__The task__: With the pictures removed, please write out every line below exactly as given.

__Source material__:
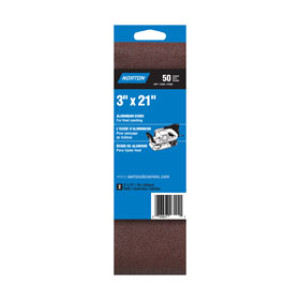 NORTON 48520 3" X 21" 50 GRIT ALUMINUM OXIDE PORTABLE BELT COARSE H/P 2 PACK
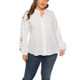 Bird Pattern Lace Stitching Loose Shirt (Color:White Size:XXL)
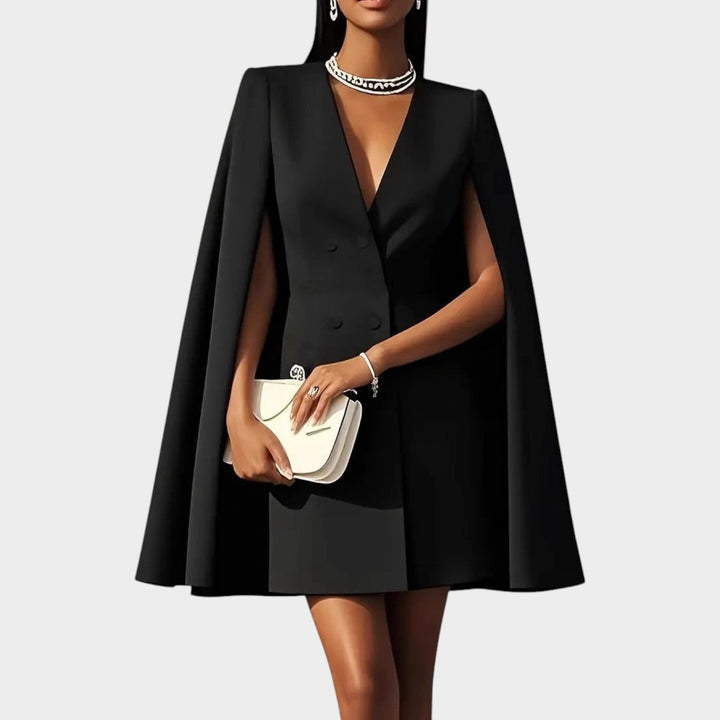 Women’s Blazer Dress | Elegant Double-Breasted Cape Mini for Party &amp; Formal Events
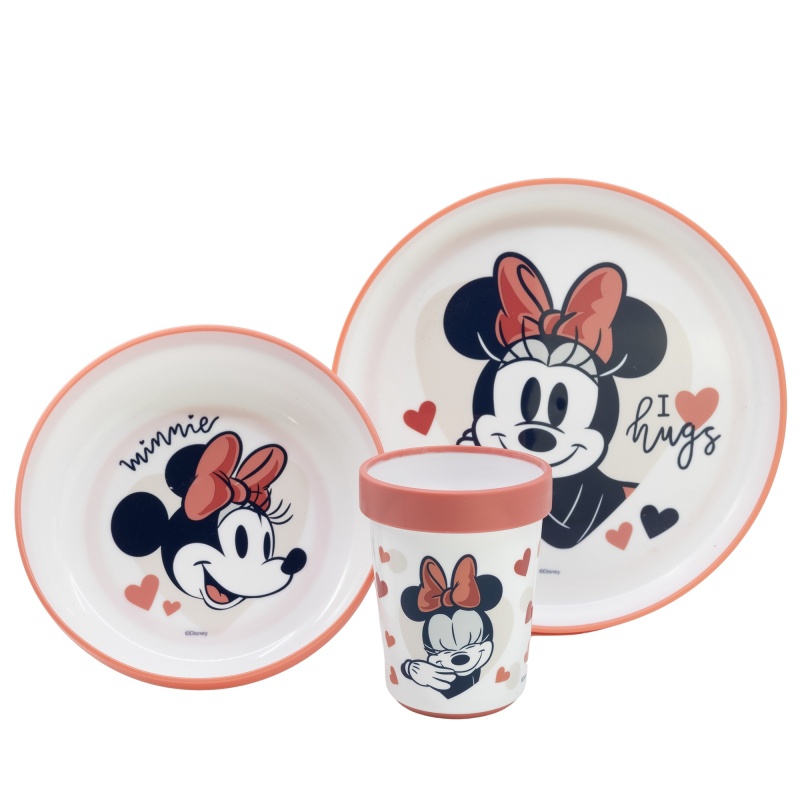 Detský plastový riad Minnie Mouse Premium (tanier, miska, pohár), 10795 Detský plastový riad Minnie Mouse Premium (tanier, miska, pohár), 10795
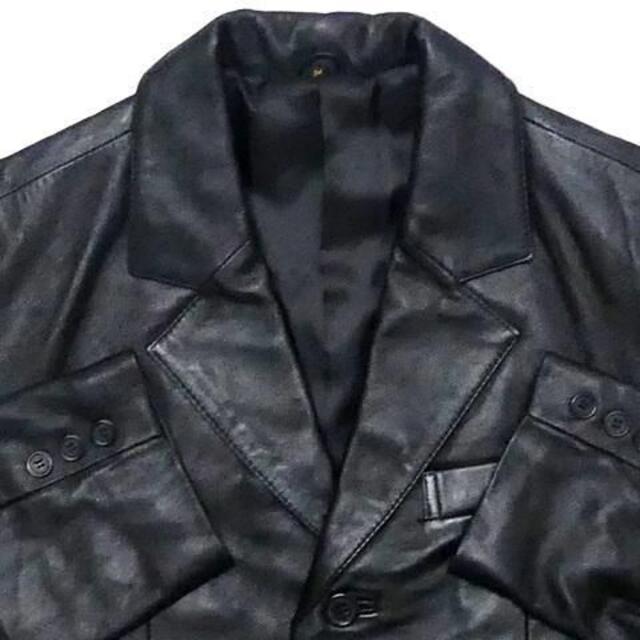 メンズ レザーテーラードジャケット M 黒 スーツ 本革 ブレザー 本皮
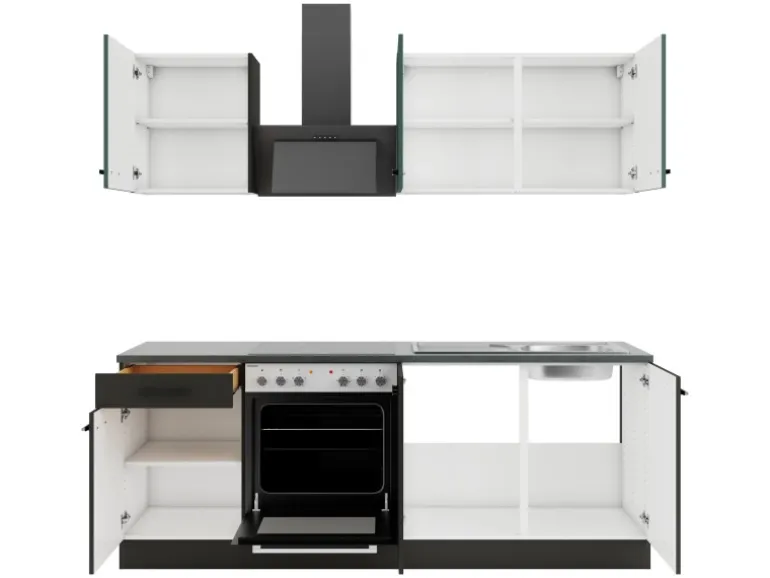 Optifit Küchenzeile KPVM 2136OE-9+ o. E-Geräte Steingrün/Anthrazit 210 cm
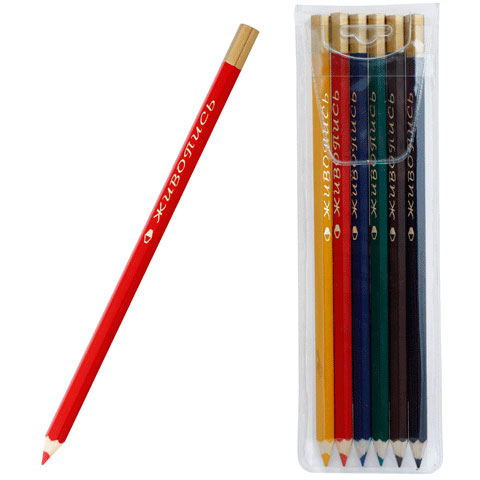 Набор цветных акварельных карандашей 6 цв "Живопись" ф-ка Красина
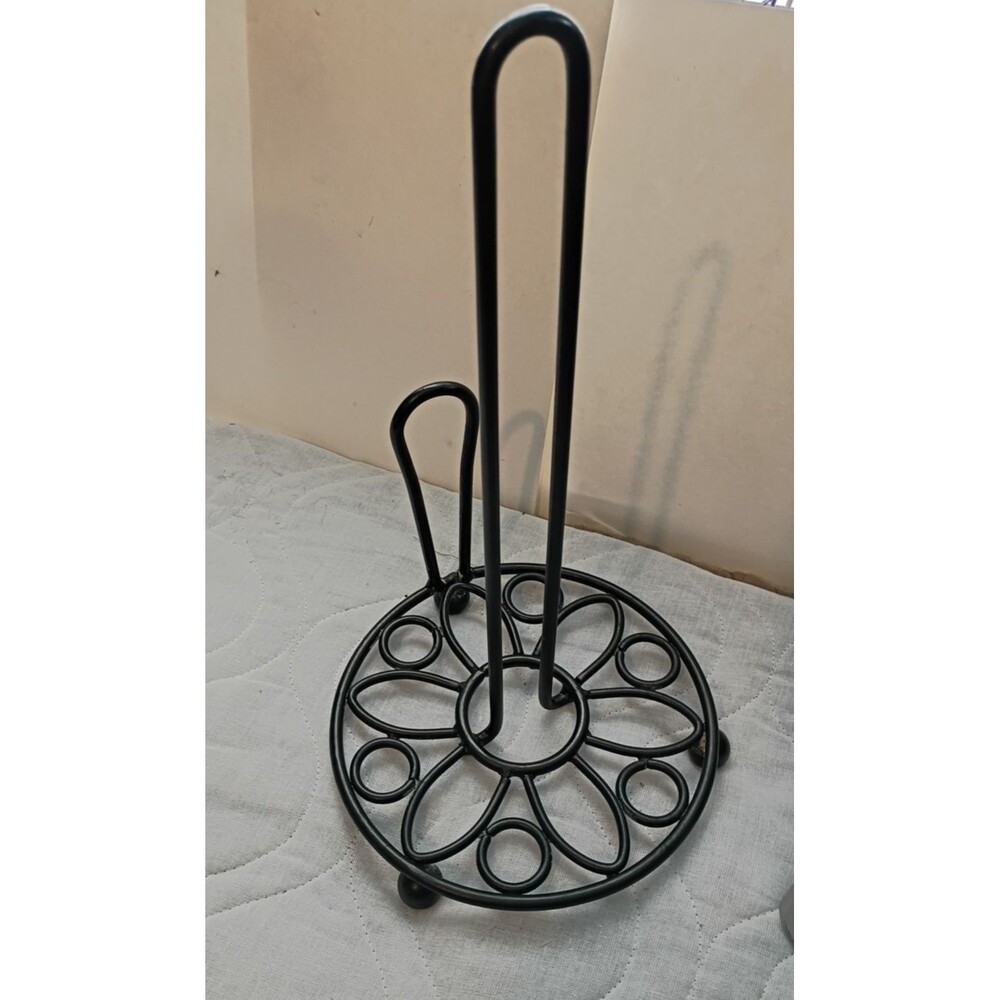 Black Floral Motif Paper Towel Holder Quality Metal With Ball Stand feet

__Exercise answer__:
 NORTON 48520 3" X 21" 50 GRIT ALUMINUM OXIDE PORTABLE BELT COARSE H/P 2 PACK
 Bird Pattern Lace Stitching Loose Shirt (Color:White Size:XXL)
 Women’s Blazer Dress | Elegant Double-Breasted Cape Mini for Party &amp; Formal Events
 Detský plastový riad Minnie Mouse Premium (tanier, miska, pohár), 10795 Detský plastový riad Minnie Mouse Premium (tanier, miska, pohár), 10795
 メンズ レザーテーラードジャケット M 黒 スーツ 本革 ブレザー 本皮
 Optifit Küchenzeile KPVM 2136OE-9+ o. E-Geräte Steingrün/Anthrazit 210 cm
 Набор цветных акварельных карандашей 6 цв "Живопись" ф-ка Красина
 Black Floral Motif Paper Towel Holder Quality Metal With Ball Stand feet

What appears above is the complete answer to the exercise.